My new Storytellers Unplugged essay went online this morning for your reading pleasure.
That was my main writing endeavor for the weekend. I also wrote a couple of book reviews, read the first 80 pages of Doug Clegg’s The Abandoned, watched Battle for the Planet of the Apes and watched a few flame wars. Better than TV.
I’d forgotten how bad the non-ape actors were in Battle. The “city folk” were okay, because they were supposed to be mad, but the humans in Ape City were wretchedly stilted. The “chase scene” up the tree at the end was also pretty painful to watch. Not the best of the batch by far.
Thanks for posting about Storytellers. I clicked the link the first or second time I saw you mention it and have been hooked ever since. It’s one of the most best collective blogs I’ve seen.
In today’s essay I liked the way you laid out different reactions to criticism and discussed the uses and merits of each. As an as-yet-unpublished writer I can definitely understand the urge to argue with critics, but the Amazon example you cite (among others) provides good motivation to stay quiet. I thought the “terrorist in the marketplace” comment was especially apt.
And thanks for the news on the POTA boxed set!
Bev, forgive me for this OT comment, but I can’t find your e-mail. I finally read the book you sent me ages ago, The Seasoning of a Chef — during our exile, I was more in the mood for fiction — and enjoyed it a great deal. I thought you might like to pass along my Amazon review to the authors.
Other readers seem to have come to this book with an odd set of expectations. You don’t read a book by a working chef for detailed descriptions of gorgeous meals. While the best chefs have a deep appreciation of food, they don’t spend hours rhapsodizing over the food they make; in fact, you might be surprised how seldom they even taste it. Unless they’re heading the kitchen, they seldom see the food being made at stations other than the one they’re working. People who want to read about eating (as opposed to cooking) would do better to seek out the works of Calvin Trillin, Jeffrey Steingarten, M.F.K. Fisher, Ruth Reichl, and others who’ve spent more time in the dining room than the kitchen.
It’s also fairly superfluous to criticize a head chef — or someone who aspires to be a head chef — for being a snob. Egalitarian cooks usually end up as journeyman cooks working in inferior kitchens, since they’ve never developed a stringent set of standards for themselves. Sure, Anthony Bourdain tells amusing stories with plenty of sex and drugs, but he has described himself as a journeyman. Here is the story of a cook who aspires to be more than that, and who’s more interested in the work itself than the after-work debauchery. KITCHEN CONFIDENTIAL was a terrific book, but in the wake of its tiresome imitators looking to top one another with tales of restaurant excess, I found Doug Psaltis’ single-minded work ethic refreshing. It is seen too seldom, both in restaurant kitchens and in the body of literature that has begun to emerge from them.

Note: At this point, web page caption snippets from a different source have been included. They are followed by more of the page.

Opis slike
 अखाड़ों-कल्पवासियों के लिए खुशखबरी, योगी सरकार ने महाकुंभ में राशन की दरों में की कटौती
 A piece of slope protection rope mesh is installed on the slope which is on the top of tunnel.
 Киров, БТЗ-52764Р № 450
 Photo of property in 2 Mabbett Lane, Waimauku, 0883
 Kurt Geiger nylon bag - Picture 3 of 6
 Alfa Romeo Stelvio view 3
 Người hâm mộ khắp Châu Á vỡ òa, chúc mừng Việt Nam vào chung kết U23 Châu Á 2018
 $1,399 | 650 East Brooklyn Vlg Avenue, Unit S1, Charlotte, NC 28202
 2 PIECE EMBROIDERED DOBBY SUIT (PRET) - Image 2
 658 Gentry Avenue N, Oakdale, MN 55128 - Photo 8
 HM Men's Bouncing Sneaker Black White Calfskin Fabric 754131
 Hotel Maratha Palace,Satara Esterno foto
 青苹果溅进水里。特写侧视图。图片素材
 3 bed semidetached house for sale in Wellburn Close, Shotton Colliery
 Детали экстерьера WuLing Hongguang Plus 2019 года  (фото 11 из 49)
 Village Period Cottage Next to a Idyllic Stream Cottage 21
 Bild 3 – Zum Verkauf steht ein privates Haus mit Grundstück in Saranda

THE SEASONING OF A CHEF is a convincing and seemingly honest look at the inner workings of several kitchens, and, more broadly, at the development of one serious cook. I won’t deny that Psaltis comes off as a bit insufferable at times, as when he declares that cooks who have families and children aren’t really dedicated to the business — most of the finest chefs I’ve known have had significant others and/or families — but he’s young yet and one hopes he will find someone able to share an admittedly hard life. The tale of the debacle that was Mix is particularly entertaining, especially if you’ve had occasion to deal with corporate front-of-the-house pinheads who didn’t understand how a kitchen works, or if you are close to someone who has. I look forward to hearing about — and from — Doug Psaltis again in the future.
Thanks for your comments. I’m always glad to hear when people enjoy the essays.